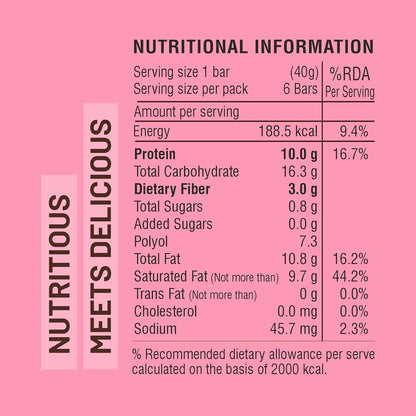 RiteBite Max Protein Wafer Bars with Millets, Strawberry Truffle (Pack of 36)
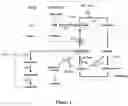 Fig. 02 - Increasing ornithine accumulation to increase high mannose glycoform content of recombinant proteins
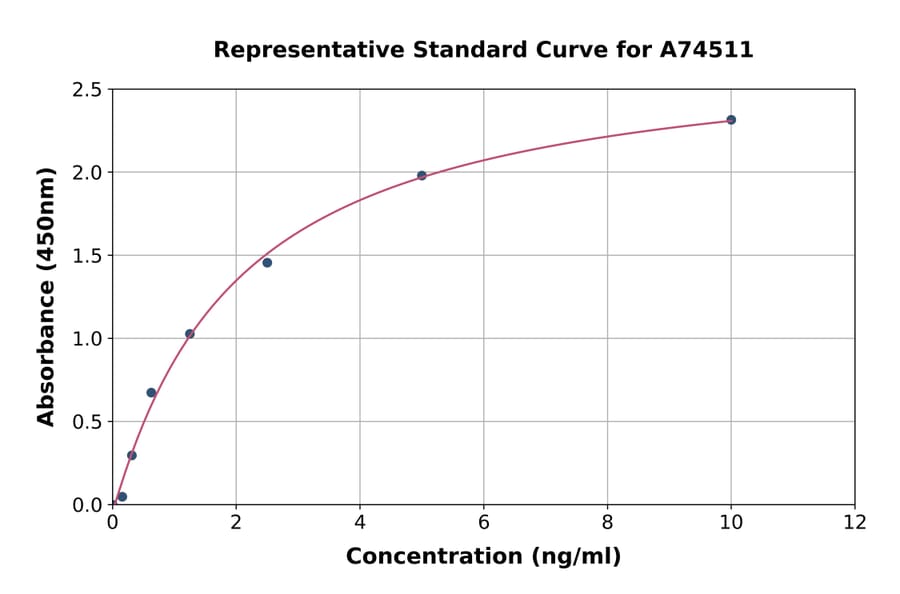 Standard Curve - Mouse PGC1 alpha ELISA Kit (A74511) - Antibodies.com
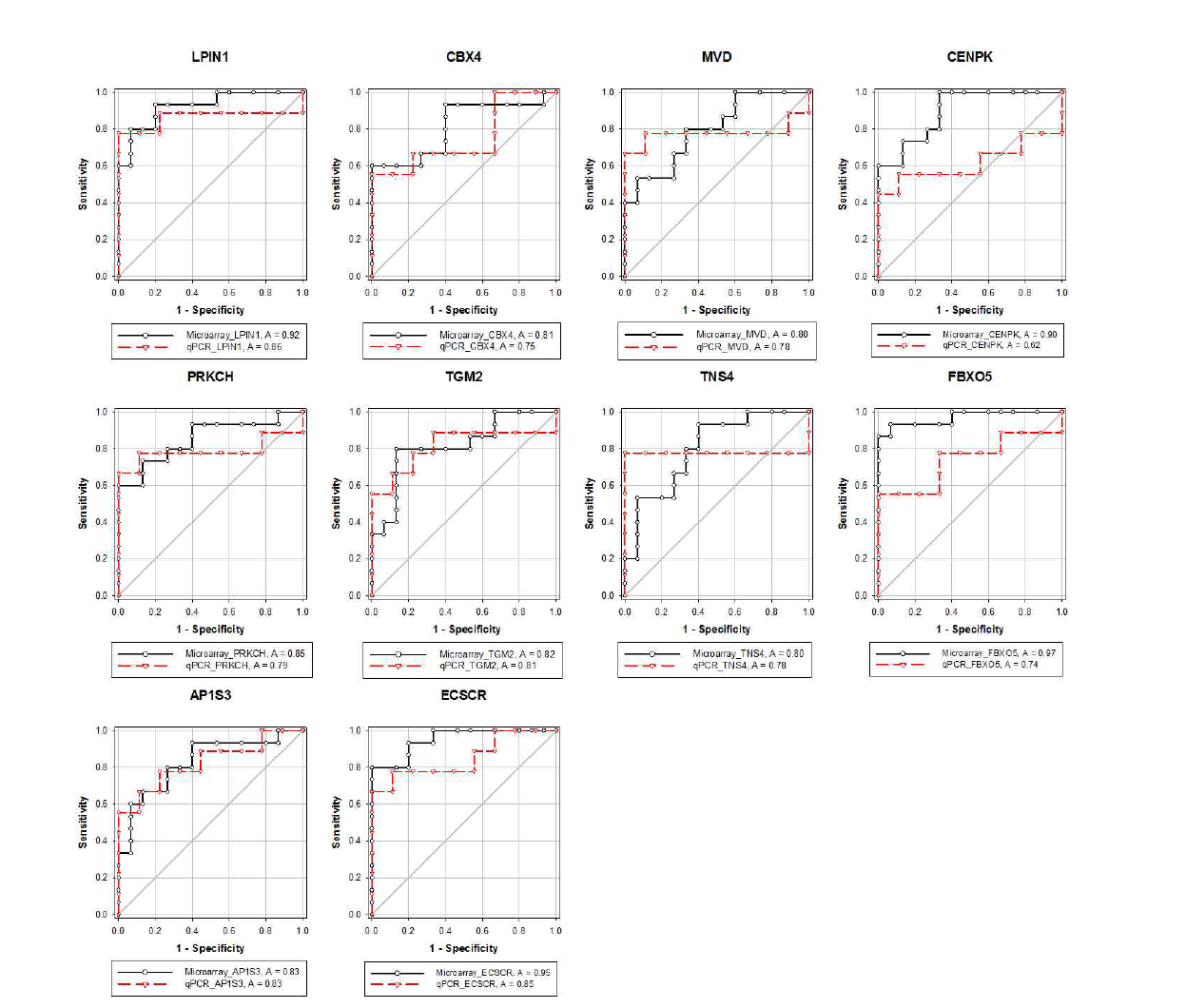 ROC analysis of selected genes for hepatotoxicity in the HepG2/CYP cells using between microarray and qRT-PCR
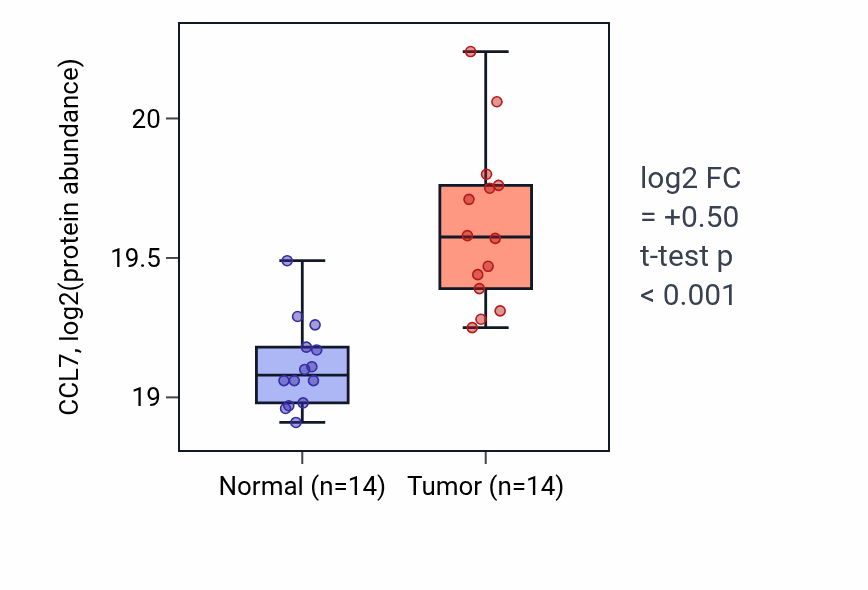 Tumor-vs-normal mass-spec protein box plot for CCL7 in CCRCC.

++++++++++++++++++++

Task: Reproduce verbatim every line starting at the line that holds "ROC analysis of" and ending with the final line of the data; omit the pictures.

Solution for this task:
 ROC analysis of selected genes for hepatotoxicity in the HepG2/CYP cells using between microarray and qRT-PCR
 Tumor-vs-normal mass-spec protein box plot for CCL7 in CCRCC.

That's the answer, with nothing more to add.